#### Your assignment:
Return each entry word for word. Leave the images out.

#### Given records:
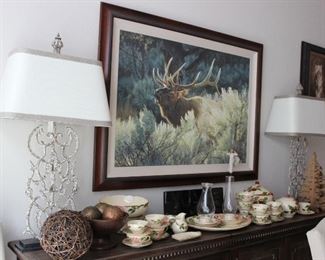 Signed Elk art, Franciscan Desert Rose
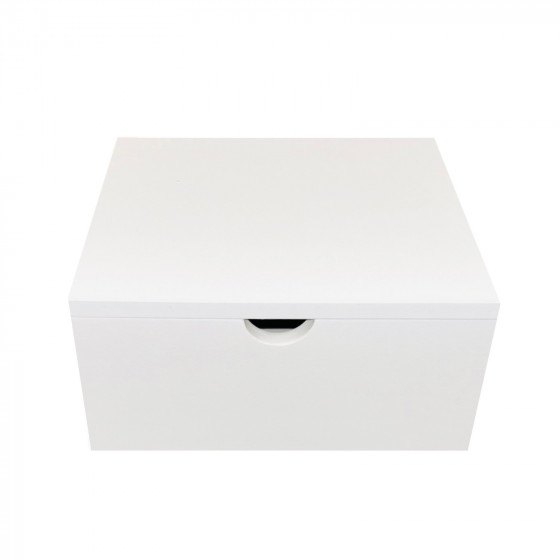 LIMITED EDITION 20cm Square White Painted Wooden Box with Lid and Finger Space Detail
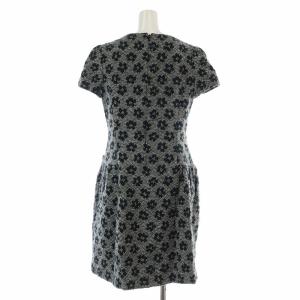 M'S GRACY ワンピース ドレス 半袖 花柄 フラワー リボン ベロア ベルベット ひざ丈 ミモレロング 40 M グレー 黒 ブラック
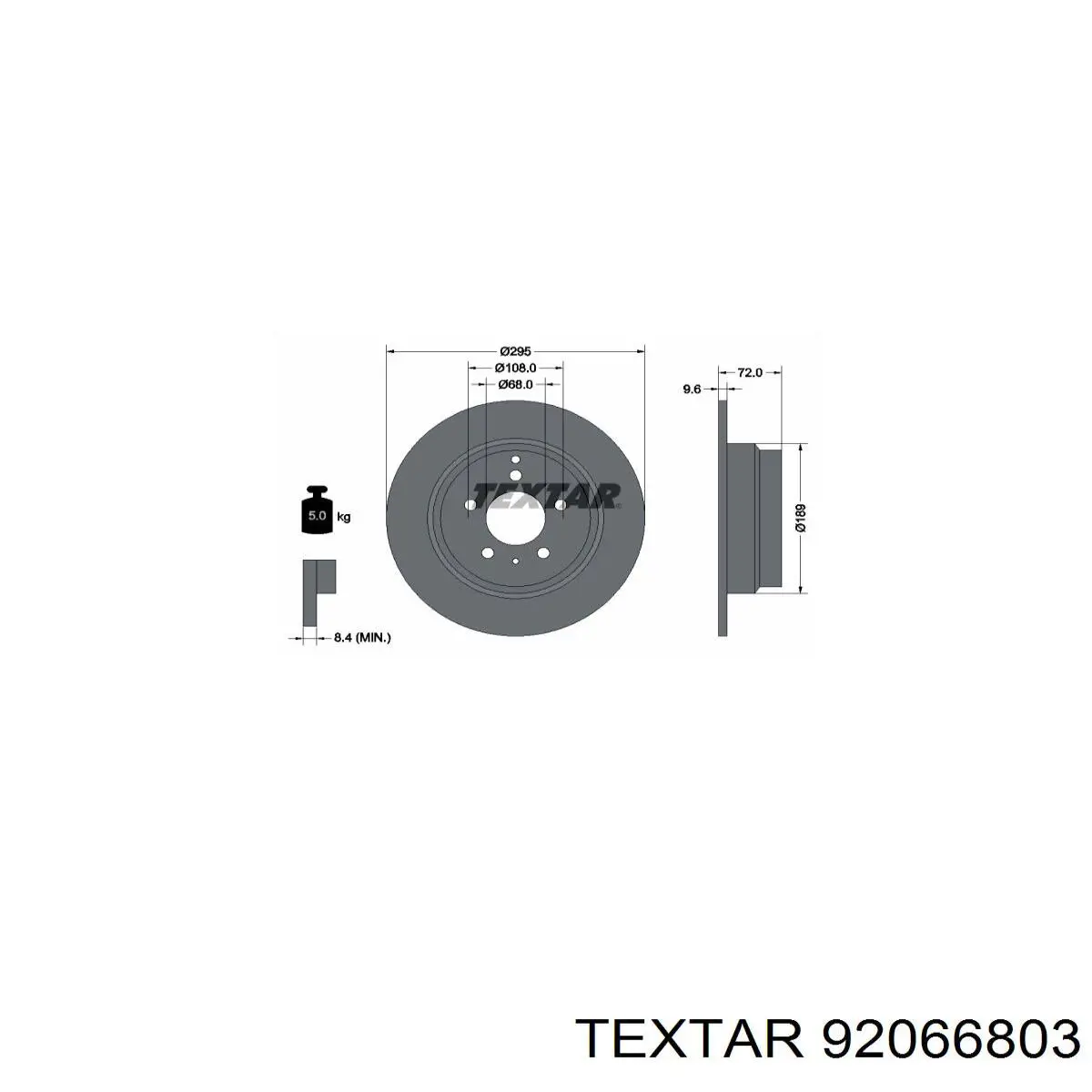 92066803 Textar disco de freno trasero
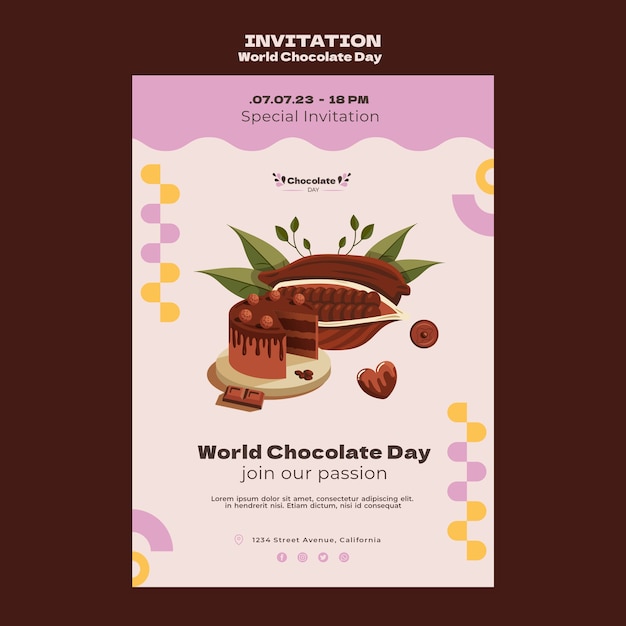 PSD grátis modelo de convite do dia mundial do chocolate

#### Response area:
 Signed Elk art, Franciscan Desert Rose
 LIMITED EDITION 20cm Square White Painted Wooden Box with Lid and Finger Space Detail
 M'S GRACY ワンピース ドレス 半袖 花柄 フラワー リボン ベロア ベルベット ひざ丈 ミモレロング 40 M グレー 黒 ブラック
 92066803 Textar disco de freno trasero
 PSD grátis modelo de convite do dia mundial do chocolate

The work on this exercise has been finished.